With “maturity, confidence,” Jeiron Barbosa an Eclipse finalist

Jeiron Barbosa’s racing journey this year began with a smart decision back in the winter when he was still in Puerto Rico. He’ll take his next big step January 26; that’s when he’ll attend the Eclipse Awards as one of three finalists in the apprentice jockey category.

“He’s excited. His family’s going to meet him down there,” Barbosa’s agent, Tom Stift, said Saturday afternoon after the finalists had been announced. “[Fellow jockey and mentor Angel Cruz] is going to fly down there with him.”

Barbosa won with 184 of 1,033 mounts (18%) in 2022 with purse earnings of nearly $5.7 million. He’s joined as finalists by Vicente Del-Cid and Jose Antonio Gomez. Del-Cid, based primarily in Louisiana, won 277 races during the season to lead all apprentice riders, while the New York-based Gomez generated purse earnings of more than $7.6 million, more than any other bug rider.

“The kid in Louisiana winning that many races, that’s unbelievable,” Stift said. “And obviously, Gomez in New York, that’s a great accomplishment. And as good as Jeiron did, I mean, they all had Eclipse Award-winning seasons most years.”

Barbosa won three Maryland meet titles during 2022, including a dead-heat for first with Cruz during the Laurel fall meet which concluded at year’s end. He also notched his first two stakes wins and a graded stakes placing in the Grade 2 Delaware Handicap.

That’s a pretty strong resume for a rider who didn’t debut Stateside until March 25.

Barbosa, a native of Puerto Rico, had trained to be a jockey at the island’s famed jockey school, the Escuela Vocacional Hipica. Most young riders who come through that school, Stift said, are raring to go come January 1. But shifting from the warmth of Puerto Rico to midwinter Maryland didn’t seem to Stift like it would be a recipe for the young rider’s success. So he counseled patience.

“He’s in Puerto Rico; he’s never left Puerto Rico. If he comes up here, it’s snowing,” Stift explained. “I said, why doesn’t he just stay down there and then come up when it warms up, when the weather breaks.”

So Barbosa remained in Puerto Rico, won three races, and arrived in the mainland U.S. with two wins still to get before the one-year apprentice period kicked in.

“That takes a lot of maturity and confidence,” Stift said. “I mean, I never talked him into it.”

Barbosa, 19, looks younger than his relatively few years, but he certainly doesn’t lack for either maturity or confidence. He won aboard his first two mounts at Laurel Park. By the time won his first stakes race, in August, the kid who arrived in Maryland speaking no English was willing to be interviewed on camera.

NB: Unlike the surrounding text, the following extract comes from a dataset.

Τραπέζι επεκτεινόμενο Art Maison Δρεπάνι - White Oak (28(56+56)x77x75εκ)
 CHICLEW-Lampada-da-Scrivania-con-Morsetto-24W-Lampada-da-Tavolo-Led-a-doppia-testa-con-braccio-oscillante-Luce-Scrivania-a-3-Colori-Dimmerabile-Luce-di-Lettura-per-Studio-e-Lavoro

Muy happy,” he pronounced himself. “It’s my first stakes win.”

And while staying at Stift’s house soon after arriving here, Barbosa stumbled on a photo album of Stift and Victor Carrasco when the latter won the apprentice Eclipse following a 215-win season in 2013.

“He’s looking at that, and I can see his eyes,” Stift recalled. “And he goes, ‘Next year, me and you.’”

Those traits helped Barbosa to get off to a fast start, which, Stift said, is one key to making a run at an Eclipse Award – and building a sustainable career.

“Trainers give you a shot, but you’re not always the favorite,” Stift said. “Because they want to see you ride first, everybody’s kind of watching. So when he won his first couple, it helps, obviously. But you have to follow that with the talent, and he’s got that.”

Barbosa won the meet title at the Laurel Park spring stand and subsequently took the riding title during the Pimlico fall meet prior to Laurel’s season-ending meet.

Now he’s an Eclipse Award finalist. And, as an established young rider with a thriving business, he still has the bug – the five-pound weight allowance – for three more months.

“That’s a pretty good tradeoff if he doesn’t win the award,” Stift said. “But I’m hoping for a three-way tie.”